Claire-Hippolyte-Josèphe Léris de Latude

dite Mademoiselle La Clairon

(1713 - 1802)

 

La façon dont sa vocation dramatique lui fut révélée est piquante. Un jour, un dimanche, elle avait alors dix ans, sa mère l’avait enfermée, avec son catéchisme et son ouvrage de couture, dans la chambre la plus haute et la plus nue de la maison ; montée sur une chaise et le front appuyé contre une vitre, elle songeait aux pâquerettes des champs, aux passereaux des bois et aux enfants qui couraient après ces passereaux et cueillaient ces pâquerettes, lorsque en face d’elle, tout à coup, s’ouvrit toute grande une fenêtre et un spectacle nouveau pour elle, à coup sûr, étrange et charmant, lui apparut : c’était la célèbre Mme Dangeville qui prenait une leçon de danse.

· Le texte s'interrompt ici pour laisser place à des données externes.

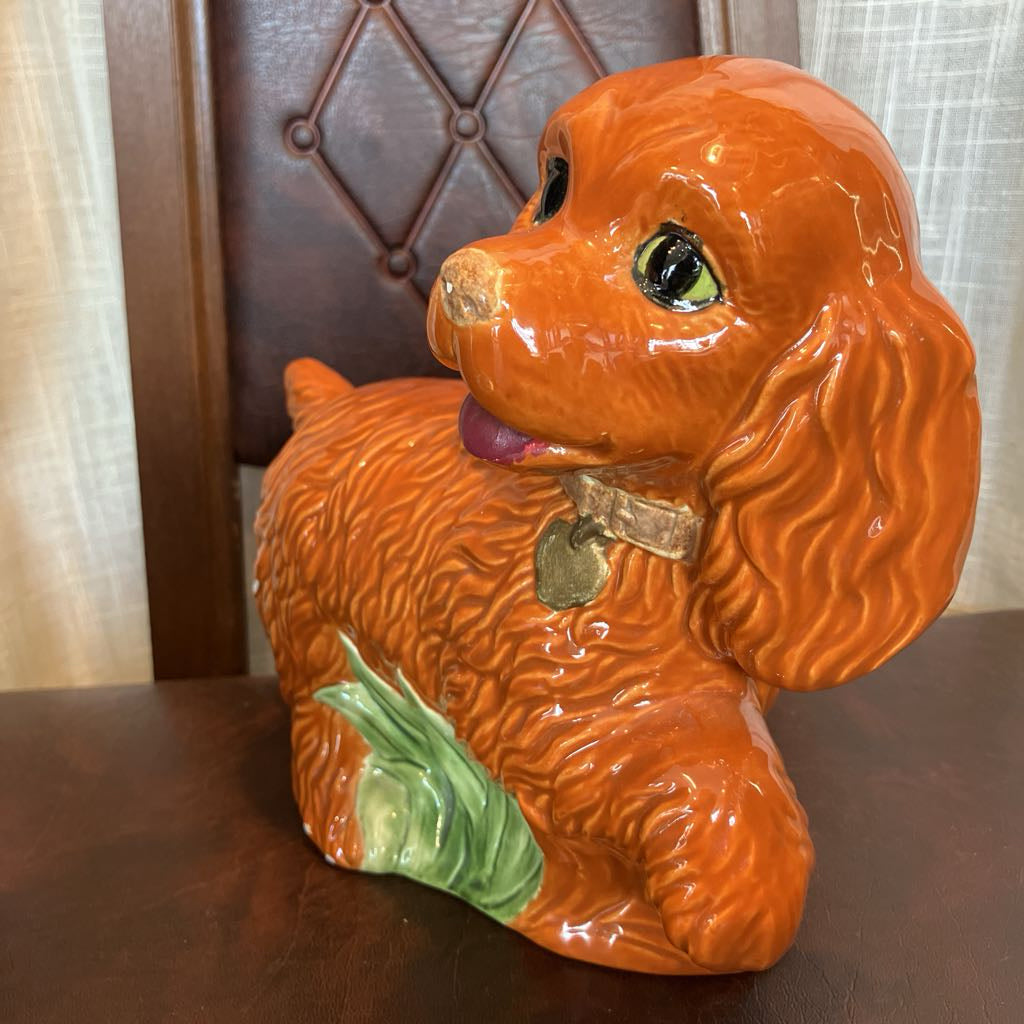 Ceramic dog-shaped cookie jar on a wooden surface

« J’étais, écrit Mlle Clairon dans ses Mémoires, j’étais tout entière dans mes yeux ; je ne perdis pas un de ses mouvements. Elle était entourée de sa famille. La leçon finie, tout le monde l’applaudit et sa mère l’embrassa. Ce contraste de son sort avec le mien me pénétra d’une douleur profonde, mes larmes ne me permirent plus de rien voir. Je descendis de ma chaise, et quand mon cœur, moins palpitant, me permit d’y remonter, tout avait disparu. »

C’en était assez, et dès ce moment la révolte éclata au cœur de la pauvre enfant. Un soir enfin, secouant le joug maternel, fuyant les gronderies et les coups, elle sort pour jamais de la maison où elle est née et va frapper à la porte du théâtre de Rouen. Elle y est accueillie, et s’engage à danser, à jouer la comédie, à chanter, à faire de tout un peu. En un mot, elle est devenue petit « rat » de théâtre : bientôt elle en sera reine. Alors, Mlle Clairon avait treize ans ; elle était précoce.

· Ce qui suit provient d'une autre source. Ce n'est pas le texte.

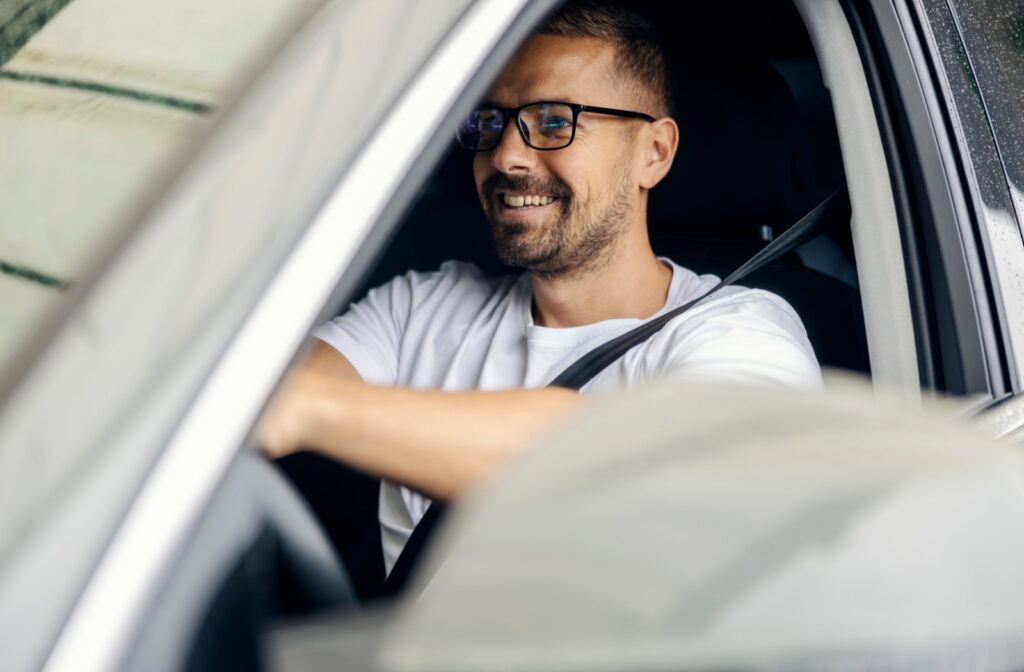 A person wearing glasses commuting to work.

De Rouen, la jeune échappée fut bientôt appelée à Lille, et de Lille à Gand, dans la troupe formée par le roi d’Angleterre. Ici se place une anecdote qui est trop amusante pour ne pas être racontée. Un général de l’armée ennemie, un haut seigneur anglais, s’étant épris d’amour pour elle, lui offrit sa main ; mais la petite comédienne, soit qu’elle eûtun vrai cœur de Française et de patriote, soit qu’elle sentît qu’elle était appelée à acquérir sur le théâtre un grand renom, déclina l’honneur qu’on voulait lui faire et répondit, non sans emphase : « Mylord, je ne m’appartiens pas, j’appartiens à mon pays. Je veux bien être aimée dans un palais, mais je veux toujours être aimée sur le théâtre. »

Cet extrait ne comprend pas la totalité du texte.